No dia seguinte, Jânio e Flavia foram baleados. O áudio da conversa dos suspeitos com o casal foi gravado pelas vítimas. Atingido no abdômen, o agricultor, ainda consciente, relatou ao vizinho, o mesmo que socorreu as vítimas, que quatro homens chegaram em uma caminhonete Chevrolet S10 branca em sua propriedade. Ele morreu pouco depois. A mulher, baleada na cabeça, morreu uma semana depois.

Dois homens foram presos no dia seguinte por suposta participação no crime: Genivaldo Lopes Viana, 53, e Luiz Lucas Raposo da Silva, 35, que permaneceram calados no depoimento. Eles foram reconhecidos pelo vizinho do casal. No dia 25, a dupla teve a prisão em flagrante convertida em preventiva, o que significa que não há tempo determinado para eles ficarem ou não na prisão.

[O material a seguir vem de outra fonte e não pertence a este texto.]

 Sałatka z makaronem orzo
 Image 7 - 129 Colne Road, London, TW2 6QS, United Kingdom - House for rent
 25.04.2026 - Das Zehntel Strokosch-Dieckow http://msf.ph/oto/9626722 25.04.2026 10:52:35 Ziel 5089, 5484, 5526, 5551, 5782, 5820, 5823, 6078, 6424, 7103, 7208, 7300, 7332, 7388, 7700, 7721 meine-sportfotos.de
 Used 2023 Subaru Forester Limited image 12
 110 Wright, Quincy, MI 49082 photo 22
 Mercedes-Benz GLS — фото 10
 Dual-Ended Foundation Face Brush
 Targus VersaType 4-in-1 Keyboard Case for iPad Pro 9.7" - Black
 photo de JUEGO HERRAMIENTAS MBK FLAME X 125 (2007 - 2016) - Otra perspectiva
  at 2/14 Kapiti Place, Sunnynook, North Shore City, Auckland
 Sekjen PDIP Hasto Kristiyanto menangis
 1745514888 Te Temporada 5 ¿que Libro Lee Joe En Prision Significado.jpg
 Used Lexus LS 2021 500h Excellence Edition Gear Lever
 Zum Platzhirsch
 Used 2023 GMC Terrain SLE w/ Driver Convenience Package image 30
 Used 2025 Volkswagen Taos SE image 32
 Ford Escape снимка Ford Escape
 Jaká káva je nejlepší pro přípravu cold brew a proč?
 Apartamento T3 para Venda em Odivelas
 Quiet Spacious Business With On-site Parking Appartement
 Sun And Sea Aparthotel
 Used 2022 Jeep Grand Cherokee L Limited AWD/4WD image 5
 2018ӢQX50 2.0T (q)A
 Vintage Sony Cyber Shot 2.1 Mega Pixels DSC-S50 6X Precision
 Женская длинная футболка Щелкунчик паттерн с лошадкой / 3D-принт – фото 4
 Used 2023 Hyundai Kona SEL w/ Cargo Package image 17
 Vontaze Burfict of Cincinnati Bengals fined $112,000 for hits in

À Folha, a defesa de Genivaldo e Luiz defendeu a inocência deles. Na audiência de custódia, alegou que a detenção foi “extremamente abusiva”, que ambos são trabalhadores rurais, têm bons antecedentes e que não havia indícios de autoria e materialidade do crime por eles.

A investigação também cita a possível participação do capitão da Polícia Militar (PM), Helton John da Silva de Souza, 48. Ele foi exonerado da equipe de segurança do governador Antonio Denarium (Progressistas) após o avanço das investigações.

Outro citado na apuração da Polícia Civil é Johnny de Almeida Rodrigues. Imagens de segurança de uma loja de munições, registradas por volta das 13h de 22 de abril, mostram ele dentro do estabelecimento, enquanto Caio e Genivaldo estão na porta de entrada. Johnny assina a compra de 20 munições de calibre .380. No dia e local do crime, policiais civis recolheram quatro estojos e três chumbos de mesmo calibre.

A Folha ainda não conseguiu localizar a defesa de Caio Porto, Helton John e Johnny Rodrigues. O espaço segue aberto para manifestação.

Terra é registrada em nome de Jânio

O terreno que teria motivado o assassinato tem uma área 167,5487 hectares, o equivalente a 167 campos de futebol. A Fazenda 3A, situada na vicinal do Surrão, em Cantá, tem título definitivo desde 17 de fevereiro de 2022, com processo de regularização da área iniciado em 23 de julho de 2021, em nome de Jânio Bonfim de Souza. As informações são do Iteraima (Instituto de Terras e Colonização de Roraima).